Squaring both sides and transforming this in 4-degree equation I got $x = \frac{1}{16}$. But can we solve this equation in an easier way?
The fact that $|x|<1$, as well as presence of square roots of the difference of squares, suggests that perhaps trigonometry needs to be applied here, but I don’t know how.
We can indeed exploit some trigonometric identities (terms and conditions apply):
$$\begin{align*} \arcsin\left(x\sqrt{1-y^2} + y \sqrt{1-x^2}\right) &= \arcsin x + \arcsin y \tag{$*$} \\ \arcsin\sqrt{1-x^2} = \arccos x &= \frac\pi2 - \arcsin x \end{align*}$$
Together, these let us rewrite the equation as
$$\arcsin a + \arcsin b + \arcsin c = \frac\pi2$$
where $(a,b,c)=(2x,9x,12x)$. Further application of $(*)$ allows us to recover more equations,
$$\begin{align*} a\sqrt{1-b^2} + b\sqrt{1-a^2} &= \sqrt{1-c^2} & (\rm OP)\\ b\sqrt{1-c^2} + c\sqrt{1-b^2} &= \sqrt{1-a^2} \\ a\sqrt{1-c^2} + c\sqrt{1-a^2} &= \sqrt{1-b^2} \end{align*}$$
By substitution, e.g. $\sqrt{1-b^2}$ from the third equation into the first, we can recover (one of) the suggested solution(s),
$$\begin{align*} a\left(a\sqrt{1-c^2} + c\sqrt{1-a^2}\right) + b\sqrt{1-a^2} &= \sqrt{1-c^2} \\ (ac+b) \sqrt{1-a^2} &= \sqrt{1-c^2} (1-a^2) \\ ac+b &= \sqrt{1-a^2} \sqrt{1-c^2} \\ (ac+b)^2 &= (1-a^2)(1-c^2) \\ a^2 + b^2 + c^2 &= 1 - 2abc \end{align*}$$
$$\implies 432x^3 + 229x^2 - 1 = 0$$
$x=\dfrac1{16}$ is a solution to this cubic. One can use the rational root theorem to deduce this, though I suspect there's a more efficient method.

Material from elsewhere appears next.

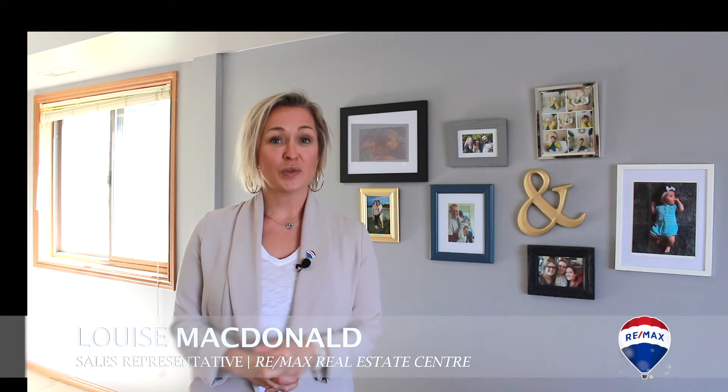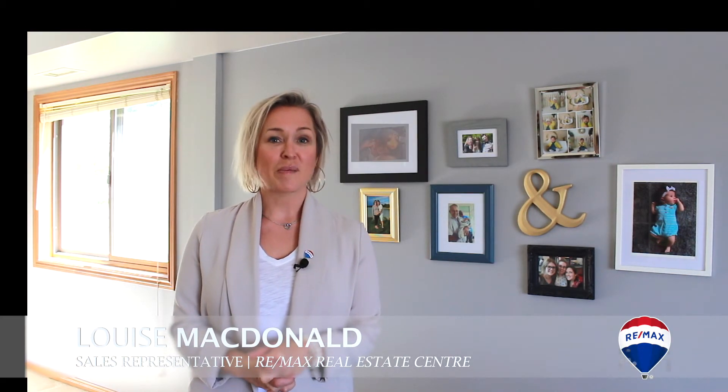Thanks again for viewing the virtual tour. My name is Louise MacDonald with Remax Real Estate Centre.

Following your suggestion, in the given equation $$9x\sqrt{1-4x^2}+2x\sqrt{1-81x^2}=\sqrt{1-144x^2},$$ where we note that $0<x<\frac1{12}$, let us write $$\cos\theta=2x\;\;\text{and}\;\; \cos\phi=9x,\quad\text{with}\quad\theta,\phi\in(0\,\pmb,\,\tfrac12\pi).\qquad\quad(1)$$
The original equation becomes $\sin(\theta+\phi)=\sqrt{1-8\cos\theta\cos\phi}$. Squaring then gives $$\cos^2(\theta+\phi)=8\cos\theta\cos\phi=36\cos^2\theta.$$ Now $x<\frac1{12},\cos\theta<\frac16,\cos\phi<\frac34,$ and so $\cos(\theta+\phi)<0$. Hence $\cos(\theta+\phi)=-6\cos\theta,$ or $$\cos\theta\cos\phi+6\cos\theta=\sin\theta\sin\phi.$$ Squaring now yields $(6+\cos\phi)^2\cos^2\theta=(1-\cos^2\theta)(1-\cos^2\phi)$. In terms of the original variable (see eqn $1$), this reduces to a cubic equation in $x$: $$432x^3+229x^2-1=0.\qquad\quad(2)$$ All the numbers hitherto have been powers of $2$ or $3$, or products of them, but now the ugly number $229$ pops up. Can we do something about that? Well, notice that $229=16^2-27$, while $432=16\times27$. Conveniently, that allows the factorization of eqn $2$ as $$(16x-1)(27x^2+16x+1)=0.$$ The quadratic factor is always positive, so the only solution is $x=\frac1{16}$.